(Data excerpts)
- Opening Delimiter -

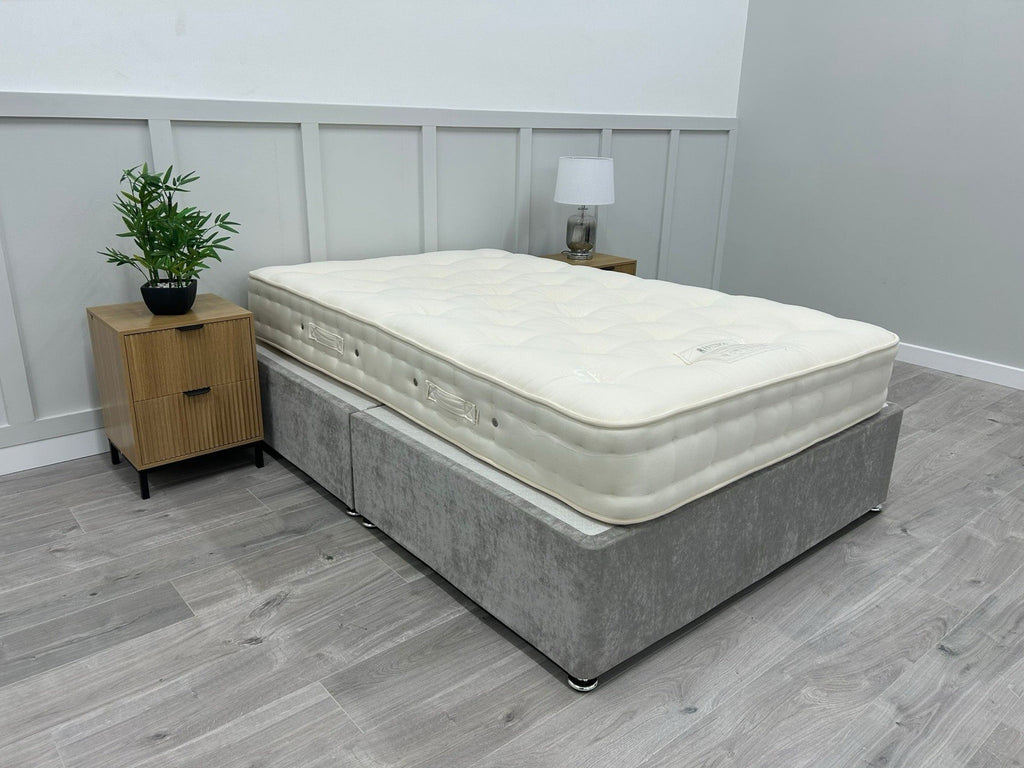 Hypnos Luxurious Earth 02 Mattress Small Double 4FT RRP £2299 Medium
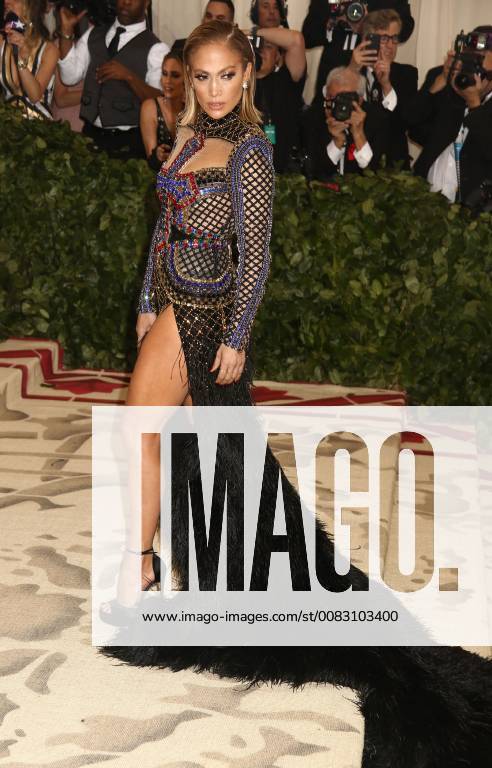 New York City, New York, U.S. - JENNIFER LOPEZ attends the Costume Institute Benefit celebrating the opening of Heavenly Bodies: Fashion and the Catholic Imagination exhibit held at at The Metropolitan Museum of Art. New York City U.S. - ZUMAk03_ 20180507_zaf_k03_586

- Closing Delimiter -
- Opening Delimiter -

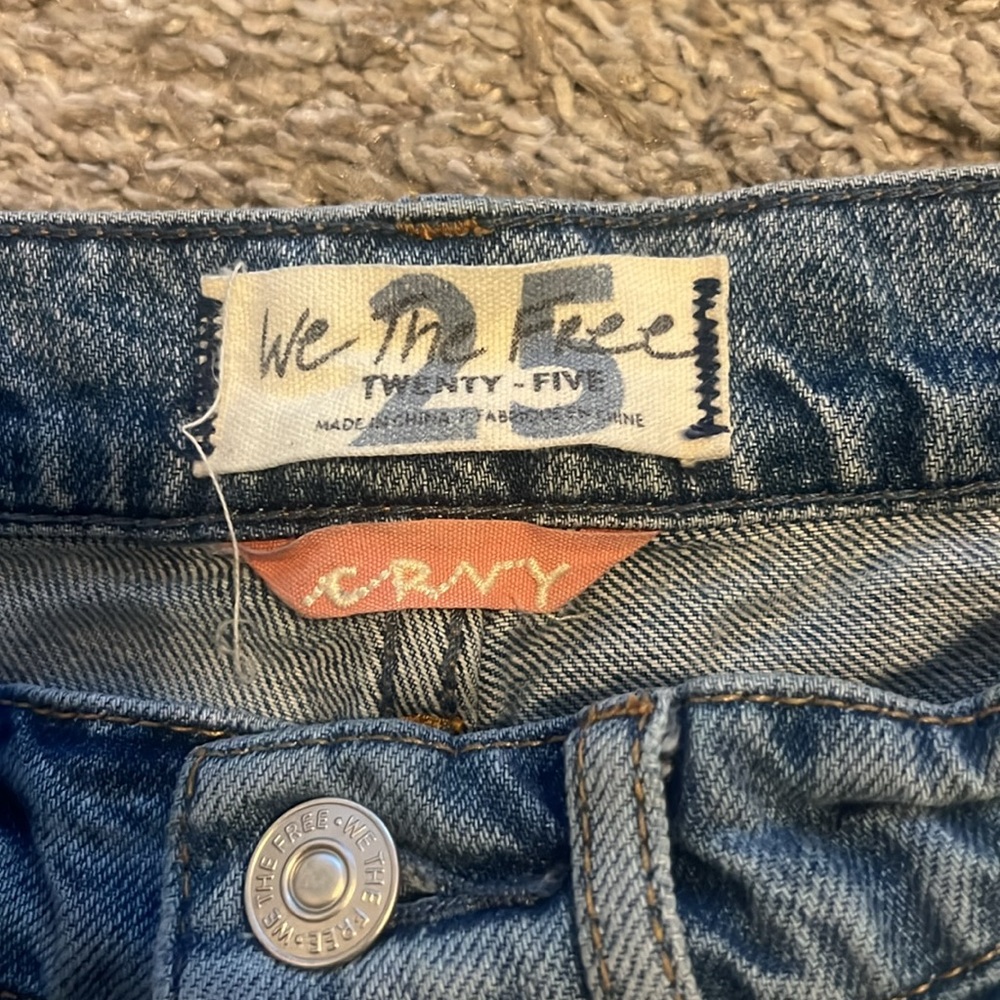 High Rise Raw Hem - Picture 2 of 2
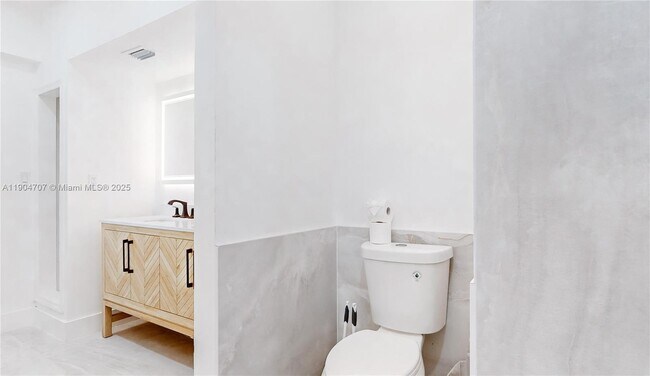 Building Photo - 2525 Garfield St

- Closing Delimiter -

(What is required)
Please copy out from the data above, without any picture, exactly the lines running from the one that holds "Hypnos Luxurious Earth" through the one that holds "New York City, New", and nothing beyond them.

(Expected output)
 Hypnos Luxurious Earth 02 Mattress Small Double 4FT RRP £2299 Medium
 New York City, New York, U.S. - JENNIFER LOPEZ attends the Costume Institute Benefit celebrating the opening of Heavenly Bodies: Fashion and the Catholic Imagination exhibit held at at The Metropolitan Museum of Art. New York City U.S. - ZUMAk03_ 20180507_zaf_k03_586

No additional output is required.